■ Excerpted records ■
|---|
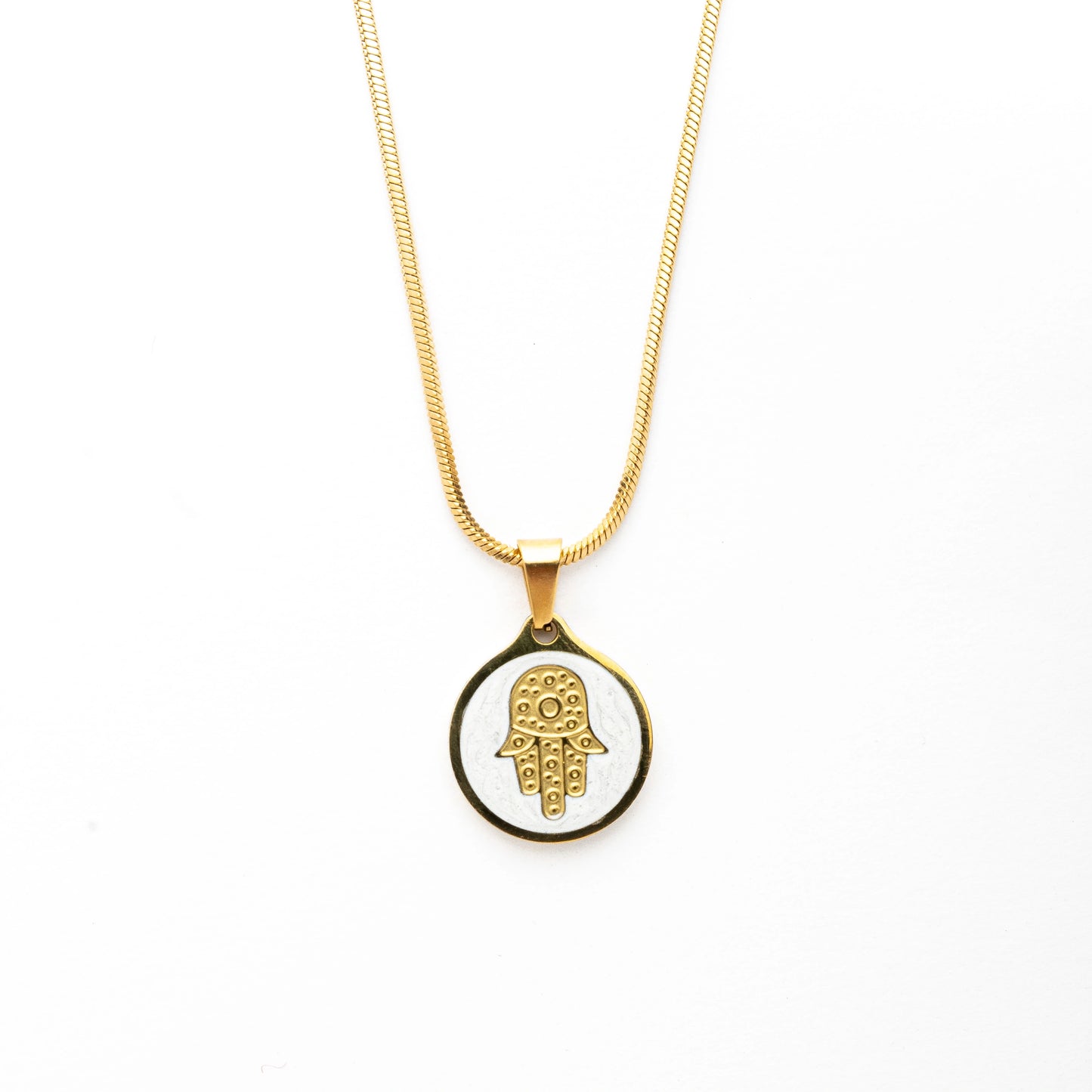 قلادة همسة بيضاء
|---|
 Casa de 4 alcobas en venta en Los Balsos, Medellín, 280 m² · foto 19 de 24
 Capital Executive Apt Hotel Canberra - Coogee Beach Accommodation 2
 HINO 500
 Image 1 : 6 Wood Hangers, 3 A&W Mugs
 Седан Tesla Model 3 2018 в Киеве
|---|
■ Assignment ■
Above are records; repeat only the lines starting at the line with "Capital Executive Apt" and ending at the line with "Седан Tesla Model 3 2018 в Киеве", exactly as they appear, both included.

■ Exercise output ■
 Capital Executive Apt Hotel Canberra - Coogee Beach Accommodation 2
 HINO 500
 Image 1 : 6 Wood Hangers, 3 A&W Mugs
 Седан Tesla Model 3 2018 в Киеве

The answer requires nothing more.